Shape Fun!
Programming Graphics in SAS (SGPLOT) and R (ggplot2)
CSJP
Bar Chart …
SAS - SGPLOT
PROC SGPLOT DATA=chocolate;
VBAR FavoriteFlavor / GROUP = AgeGroup;
LABEL FavoriteFlavor = 'Flavor of Chocolate';
TITLE 'Favorite Chocolate Flavors by Age Group';
RUN;
R - ggplot2
ggplot(chocolate, aes(x = FavoriteFlavor, fill = AgeGroup)) + geom_bar(colour = "black") +
scale_fill_brewer(palette = "Pastel1") + theme(legend.position = "bottom") +
xlab("Flavor of Chocolate") + ylab("Frequency") + ggtitle("Favorite Chocolate Flavors by Age Group")
Histogram/Density …
SAS - SGPLOT
PROC SGPLOT DATA=bikerace;
HISTOGRAM NumberLaps / SHOWBINS;
DENSITY NumberLaps;
DENSITY NumberLaps / TYPE=KERNEL;
TITLE 'Bicycle Criterium Results';
RUN;
R - ggplot2
ggplot(bikerace, aes(x = NumberLaps)) + geom_histogram(aes(y = ..density..),
breaks = breaks, right = TRUE, fill = "cornsilk", colour = "grey60", size = 0.5) +
geom_density(alpha = 0.2, aes(fill = "#FF6666"), colour = element_blank()) +
stat_function(fun = dnorm, args = list(mean = mean(bikerace$NumberLaps),
sd = sd(bikerace$NumberLaps))) + stat_function(fun = dnorm, args = list(mean = mean(bikerace$NumberLaps),
sd = sd(bikerace$NumberLaps)), geom = "area", alpha = 0.2, aes(fill = "#6666FF")) +
scale_fill_discrete(labels = c("Normal", "Kernel")) + labs(fill = "Curves") +
guides(fill = guide_legend(reverse = TRUE)) + theme(legend.position = "bottom") +
xlim(15, 65) + ggtitle("Bicycle Criterium Results")
Box Plot …
SAS - SGPLOT
PROC SGPLOT DATA=bikerace;
VBOX NumberLaps / CATEGRORY = Division;
TITLE 'Bicycle Criterium Results';
RUN;
R - ggplot2
ggplot(bikerace, aes(x = Division, y = NumberLaps, fill = Division)) + geom_boxplot(width = 0.5,
outlier.size = 3, outlier.shape = 21) + stat_summary(fun.y = "mean", geom = "point",
shape = 23, size = 3, fill = "white") + scale_fill_brewer(palette = "Pastel2") +
theme(legend.position = c(1, 1), legend.justification = c(1, 1)) + labs(fill = "Division\nAgeGroup") +
guides(fill = FALSE) + ggtitle("Bicycle Criterium Results")
Scatter Plot …
SAS - SGPLOT
PROC SGPLOT DATA=onionrings;
SCATTER X = Action Y = BSales;
SCATTER X = Action Y = Csales;
XAXIS LABEL ='Hits + Runs' VALUES = (0 TO 40 BY 10);
YAXIS LABEL ='Number Sold';
LABEL BSales = 'Sales in Bleachers';
LABEL CSales = 'Sales at Stands';
TITLE 'Onion Ring Sales vs.
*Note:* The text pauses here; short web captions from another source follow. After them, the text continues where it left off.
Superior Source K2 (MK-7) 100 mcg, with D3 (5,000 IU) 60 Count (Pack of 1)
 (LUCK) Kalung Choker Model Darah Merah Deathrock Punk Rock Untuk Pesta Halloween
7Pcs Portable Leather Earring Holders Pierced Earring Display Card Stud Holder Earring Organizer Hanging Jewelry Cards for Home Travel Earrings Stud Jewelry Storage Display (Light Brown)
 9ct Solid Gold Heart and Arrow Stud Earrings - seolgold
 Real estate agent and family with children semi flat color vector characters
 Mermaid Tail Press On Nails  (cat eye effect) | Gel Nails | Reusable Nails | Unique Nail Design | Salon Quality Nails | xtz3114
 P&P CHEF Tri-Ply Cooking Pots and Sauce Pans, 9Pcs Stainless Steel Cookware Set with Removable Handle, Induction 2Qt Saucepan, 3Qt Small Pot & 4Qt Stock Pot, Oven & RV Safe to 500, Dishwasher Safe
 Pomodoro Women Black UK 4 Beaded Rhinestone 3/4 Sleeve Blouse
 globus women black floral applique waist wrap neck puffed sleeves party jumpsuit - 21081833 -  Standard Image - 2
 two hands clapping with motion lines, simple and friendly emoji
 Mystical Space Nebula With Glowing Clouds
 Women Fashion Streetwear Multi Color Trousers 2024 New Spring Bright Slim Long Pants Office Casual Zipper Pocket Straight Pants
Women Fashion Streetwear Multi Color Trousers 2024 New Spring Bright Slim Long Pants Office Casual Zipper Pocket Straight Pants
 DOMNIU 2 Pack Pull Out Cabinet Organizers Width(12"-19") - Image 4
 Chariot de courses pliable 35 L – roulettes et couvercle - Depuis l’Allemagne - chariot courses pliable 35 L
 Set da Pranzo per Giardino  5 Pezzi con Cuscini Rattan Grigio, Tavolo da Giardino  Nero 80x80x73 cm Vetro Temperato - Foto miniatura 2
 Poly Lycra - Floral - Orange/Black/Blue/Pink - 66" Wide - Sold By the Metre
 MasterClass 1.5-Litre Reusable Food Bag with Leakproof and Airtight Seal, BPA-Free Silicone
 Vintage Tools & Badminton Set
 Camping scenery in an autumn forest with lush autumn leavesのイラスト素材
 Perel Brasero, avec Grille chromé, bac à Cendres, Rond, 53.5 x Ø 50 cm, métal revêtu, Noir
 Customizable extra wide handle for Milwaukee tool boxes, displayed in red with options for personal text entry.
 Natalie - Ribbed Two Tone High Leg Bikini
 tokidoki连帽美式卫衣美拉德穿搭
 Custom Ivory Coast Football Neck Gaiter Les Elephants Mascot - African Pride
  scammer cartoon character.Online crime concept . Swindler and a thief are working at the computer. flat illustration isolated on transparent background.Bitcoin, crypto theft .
Game Action';
RUN;
R - ggplot2
ggplot(mydata, aes(x = Action, y = Count, colour = Sales, shape = Sales)) +
geom_point(size = 3) + theme(legend.position = "bottom") + scale_x_discrete(breaks = seq(0,
40, by = 10)) + expand_limits(x = 45) + xlab("Hits + Runs") + ylab("Number Sold") +
scale_shape_discrete(labels = c("Sales in Stands", "Sales at Bleachers")) +
scale_colour_discrete(labels = c("Sales in Stands", "Sales at Bleachers")) +
guides(shape = guide_legend(reverse = TRUE), colour = guide_legend(reverse = TRUE)) +
ggtitle("Onion Ring Sales vs. Game Action")
Series/Line Plot …
SAS - SGPLOT
PROC SGPLOT DATA=temperatures;
SERIES X = Month Y = IntFalls;
SERIES X = Month Y = Raleigh;
SERIES X = Month Y = Yuma;
REFLINE 32 75 / TRANSPARENCY = 0.5 LABEL = ('32 degrees' '75 degrees');
XAXIS TYPE=DISCRETE;
YAXIS LABEL = 'Average High Temperature (F)';
TITLE 'Temperatures by Month for International Falls, '
'Raleigh, and Yuma';
RUN;
R - ggplot2
ggplot(mydata, aes(x = Month, y = Temp, linetype = City, colour = City)) + geom_line(size = 1) +
scale_colour_brewer(palette = "Set1") + scale_x_discrete(breaks = seq(0,
12, by = 1)) + scale_y_discrete(breaks = seq(0, 100, by = 20)) + expand_limits(y = 110) +
geom_hline(aes(yintercept = c(32, 75)), alpha = 0.3) + annotate("text",
x = 12, y = 34.5, label = "32 degrees", alpha = 0.3) + annotate("text",
x = 12, y = 77.5, label = "75 degrees", alpha = 0.3) + theme(legend.position = "bottom") +
ggtitle("Temperatures by Month for International Falls, Raleigh, and Yuma")
Curve-Fitting Plot …
SAS - SGPLOT
PROC SGPLOT DATA=Olympic1500;
REG X=Year Y=Men / CLM NOLEGCLM NOMARKERS;
LOESS X=Year Y=Men / CLM NOLEGCLM;
YAXIS LABEL='Time in Seconds';
TITLE "Olympic Times For Men's 1500 Meter Run";
RUN;
R - ggplot2
ggplot(Olympics1500, aes(x = Year, y = Men)) + geom_point(colour = muted("green"),
shape = 21, fill = "yellow", size = 3) + stat_smooth(method = lm, aes(colour = muted("yellow")),
fill = "grey60", size = 1) + stat_smooth(method = loess, aes(colour = muted("blue")),
fill = "grey40", size = 1, alpha = 0.2) + scale_x_continuous(breaks = seq(1900,
2000, by = 25)) + scale_colour_discrete(name = "Fit", labels = c("Loess",
"Regression")) + theme(legend.position = "bottom") + guides(colour = guide_legend(reverse = TRUE)) +
ggtitle("Olympic Times for Men's 1500 Meter Run")
Panels …
SAS - SGPLOT
PROC FREQ DATA=bus;
TABLES BusType*OnTimeOrLate / PLOTS=FREQPLOT(TWOWAY=GROUPHORIZONTAL);
RUN;
R - ggplot2
ggplot(bus, aes(x = OnTimeorLate, fill = OnTimeorLate)) + scale_fill_brewer(palette = "Pastel1") +
geom_bar() + facet_grid(. ~ BusType) + ylab("Frequency") + guides(fill = FALSE) +
ggtitle("Distribution of BusType by OnTimeorLate")